Jeśli przeraża was liczba kresek na wykrojach z Burdy czy też innych magazynów z wykrojami to krok po kroku pokazuję, jak skopiować wykrój z magazynu na papier i przygotować go do szycia. Choć liczba linii może wywołać zamęt w głowie to spokojnie dacie radę 🙂
Na filmie krok po kroku pokazuję na co zwrócić uwagę. Ja tutaj odrysowywałam swoje spódnicospodnie. Ale nie ma to znaczenia, bo dokładnie w ten sam sposób postępuję się w przypadku każdego ubrania. I identycznie jest w Burdzie czy Ottobre (tutaj głównie dla dzieci).
Myślę, że wszystko widać na filmie, ale jeszcze dodaję kilka zdjęć, na których dzielę się swoimi różnymi trikami na zaznaczanie chociażby zaszewek 🙂
Jak kopiować wykrój z gazety na papier
- polecam papier półpergaminowy (pergamin jest zbyt mało przejrzysty) lub specjalną folię do wykrojów (droższa).

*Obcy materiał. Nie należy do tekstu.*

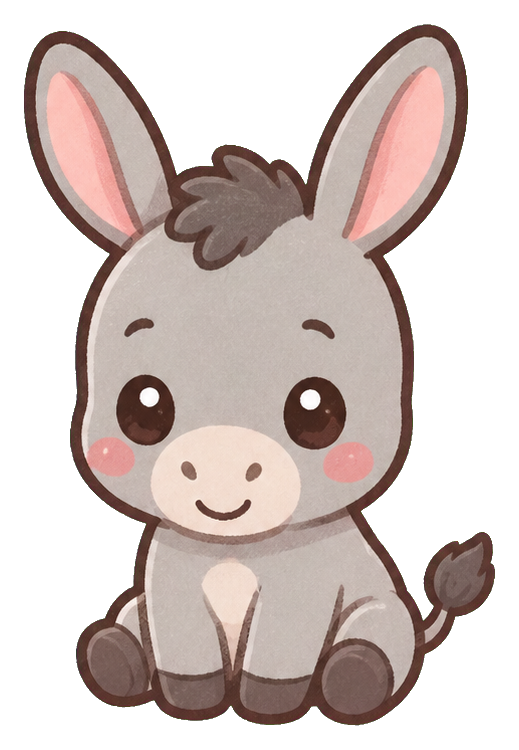 Cute gray donkey with pink cheeks, big ears, and a small smile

- Wybierz wykrój i sprawdź czy to tkanina czy dzianina, to kluczowe 🙂 jeśli nie wiesz czym się różnią to zobacz mój wpis: różnice między tkaniną, a dzianiną.
- sprawdź ile materiału trzeba, ogólnie z Burdy są ciut zawyżone wg mnie. Ale raczej nie łudź się, że uszyjesz bluzkę z długim rękawem dla siebie z 0,5 m 🙂 ba nawet z metra może być trudno.
4. Dalej zaparz sobie kawę, rozłóż się na podłodze i wypatrz na arkuszu szukane części.
5. Ja rysuję ołówkiem, świetnie sprawdza się miękki, wolę rysować 2B niż HB. Zaznacz wszystkie linie, te przerywane to najczęściej złożenie. Są też różne punkty kontrolne, to wszystko musi się znaleźć na rysunku.
6. Tutaj na obrazku niżej widać taki punkt kontrolny.
7. Pamiętaj o zaszewkach, ja nacinam, a nie wycinam, to świetne rozwiązanie i prostsze do ewentualnej korekty.
8. Trzymaj porządek 🙂 Zobacz mój wpis o tym, jak trzymam wykroje, niektóre są świetne jako baza do kolejnych uszytych rzeczy, niektóre okażą się kiepskie. Ja te fajne trzymam w teczkach i przyznam, że do większości wracam chętnie.